- [Dataset]:
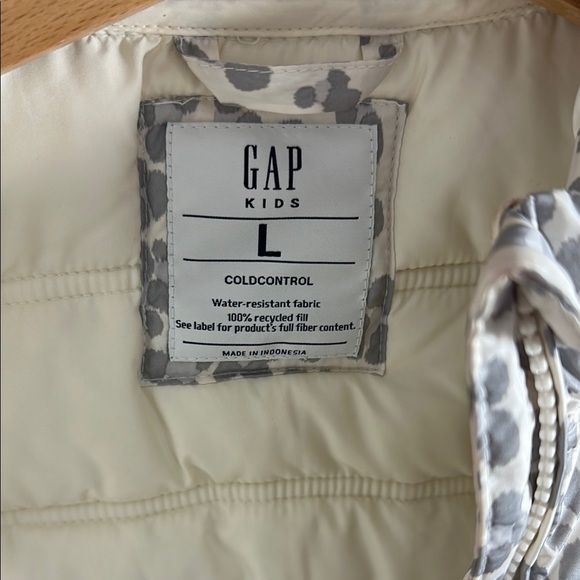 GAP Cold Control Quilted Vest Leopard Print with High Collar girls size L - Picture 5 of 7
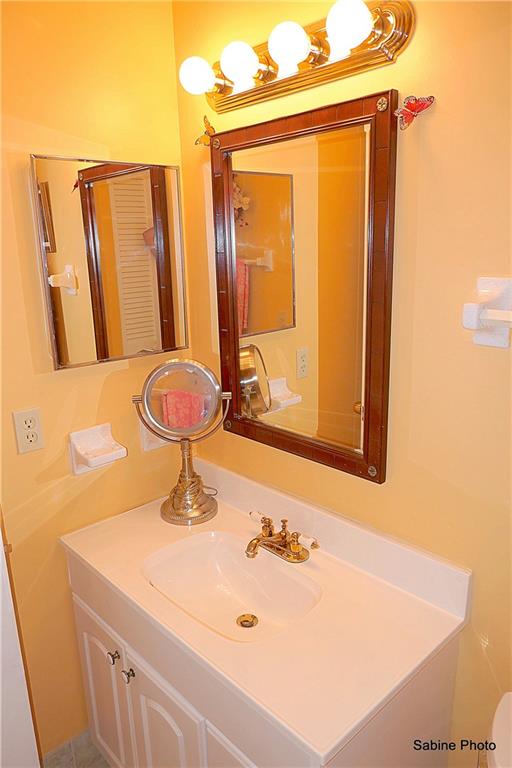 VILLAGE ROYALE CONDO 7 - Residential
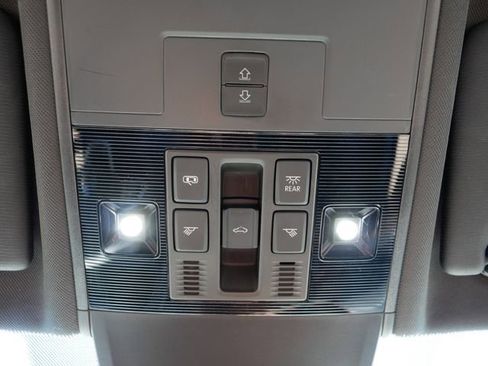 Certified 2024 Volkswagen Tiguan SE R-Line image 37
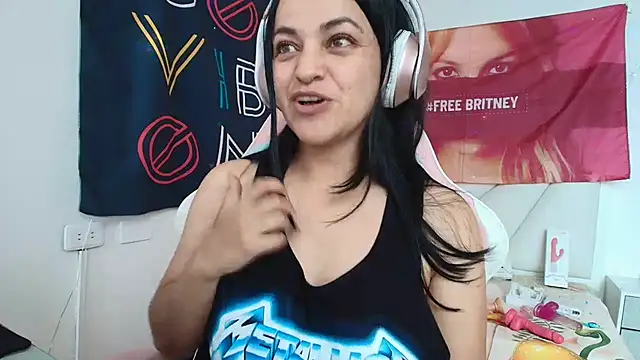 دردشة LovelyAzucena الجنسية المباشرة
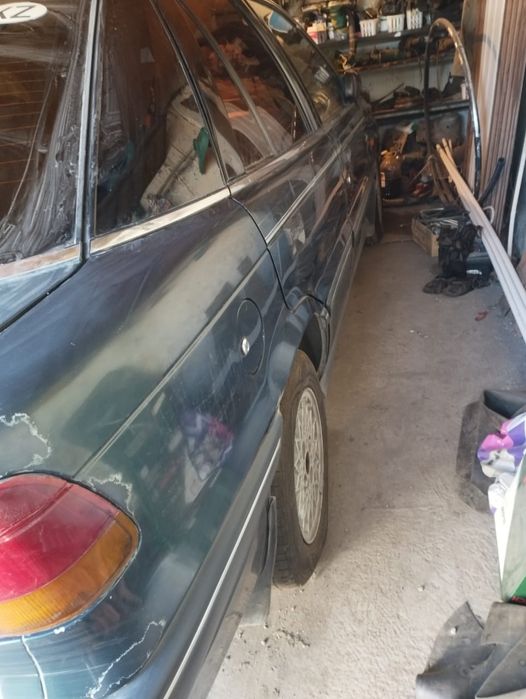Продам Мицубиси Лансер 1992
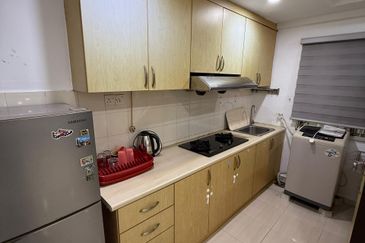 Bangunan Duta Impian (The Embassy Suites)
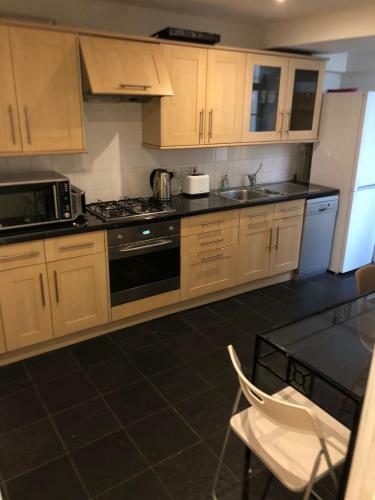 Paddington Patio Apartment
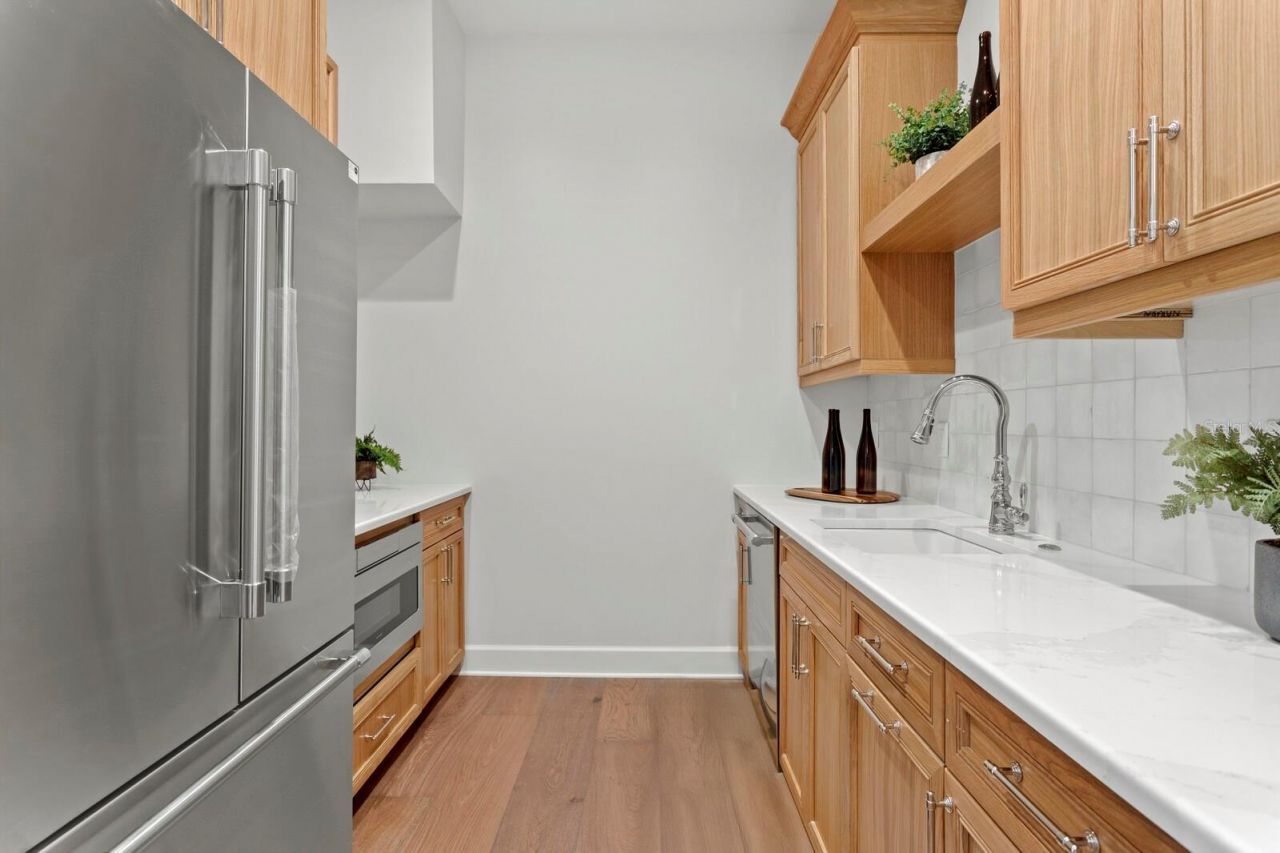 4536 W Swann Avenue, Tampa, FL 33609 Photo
--
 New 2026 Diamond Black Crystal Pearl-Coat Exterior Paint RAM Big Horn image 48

- [Goal of the exercise]: Your answer must be the exact lines from the records above, from the one containing "دردشة LovelyAzucena الجنسية المباشرة" through the one containing "4536 W Swann Avenue, Tampa, FL 33609 Photo", both included, with every picture left out.

- [Expected answer]:
 دردشة LovelyAzucena الجنسية المباشرة
Продам Мицубиси Лансер 1992
 Bangunan Duta Impian (The Embassy Suites)
 Paddington Patio Apartment
 4536 W Swann Avenue, Tampa, FL 33609 Photo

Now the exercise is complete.